Moonrush May. 13, 2008 at 11:20 AM

Focusing one oneself is not necessarily a detrimental factor to one's education.  Perseverating on oneself to the exclusion of all else most definitely is.  At that point, the person's education is not the only thing suffering.  If said person were the only egocentric member of their peer group, I daresay that the behavior would change, and quickly.  However, because of this large shift in social opinion regarding the importance of the individual's self-esteem, we have a whole generation (and more likely 2 or 3 generations) which have had instilled into their psyche the notion that the individual's sense of themselves is just as important as their physical survival.  I wonder, if taken to an extreme, if that notion of individual emotional entitlement would be detrimental to the physical survival of that person.  Hmmm...

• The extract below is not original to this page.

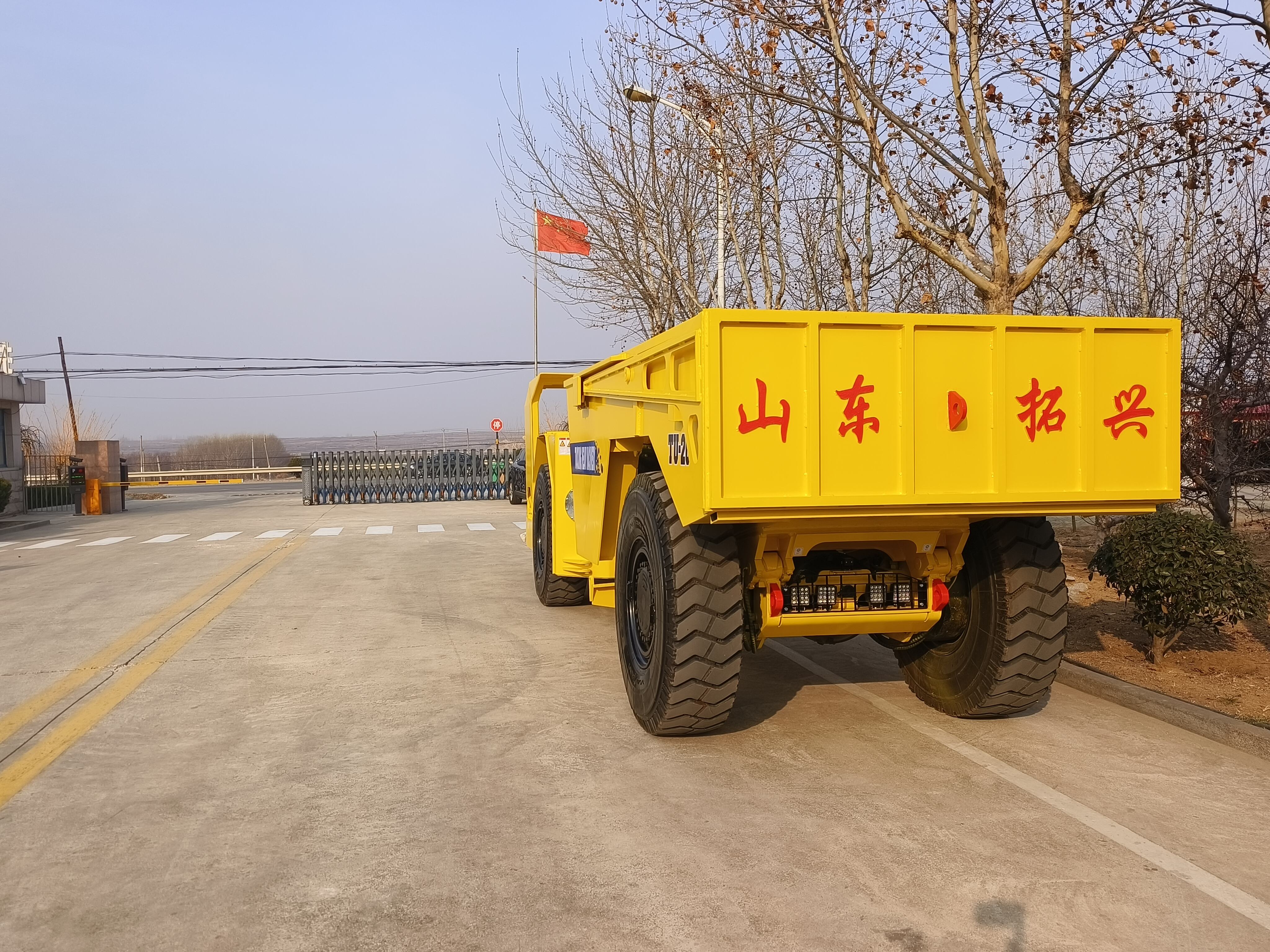 Inovatyvūs Veikimo Sistemos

Anyway, my opinion on the matter is that everyone has a sob story.  Sob stories are what give people character.  No one has the right to be free from being offended, emotionally scarred, or otherwise experienced in this lark we call life.  Life is hard - wear a helmet.

BigMommaJesca

BigMommaJesca May. 13, 2008 at 11:20 AM

When I was on the neighborhood swim team, we'd all get little "participant" trophies, and then they'd pass out the real trophies.  Believe me, holding that little trophy that EVERYONE ELSE was holding a replica of was NEVER an ego-boost.  It's a dumb idea, and it doesn't even accomplish what they're hoping for.  Waste of money.
CrystalRenee34

CrystalRenee34 May. 13, 2008 at 11:24 AM

Yeah, making sure "no child was left behind" and removing effort-oriented distinctions have developed an entire generation of teens that feel "entitled" to success. Another good post Fist!

I thought when i read the title that you were posting your mother's day photo! LOL Please do it! It's so funny!

sexyninja

sexyninja May. 13, 2008 at 11:24 AM

Damn it, #8

Ten Dollars

JoyeAustin

JoyeAustin May. 13, 2008 at 11:39 AM

I think the sense of entitlement and arrogance that kids have today reflects our entire foreign policy. We be americans--we rule, you drool.
cleanaturalady

cleanaturalady May. 13, 2008 at 11:43 AM

This is a very interesting subject.  i have always tried to instill self esteem in my kids without giving them a sense of entitlement.  I don't believe self esteem itself is detrimental and can be a boost and cause kids to be more successful at school and in other areas of their lives.  it is the sense of entitlement that can wreak havoc.  No one likes a person who feels that they are entitled to privileges and things that others aren't.  This can cause confusion for the child 'I thought I was perfect - why doesn't anyone like me?'  And ultimately cause self esteem to be lowered.  Okay, those are my two cents.  I have no data to back it up, it's just the way I feel.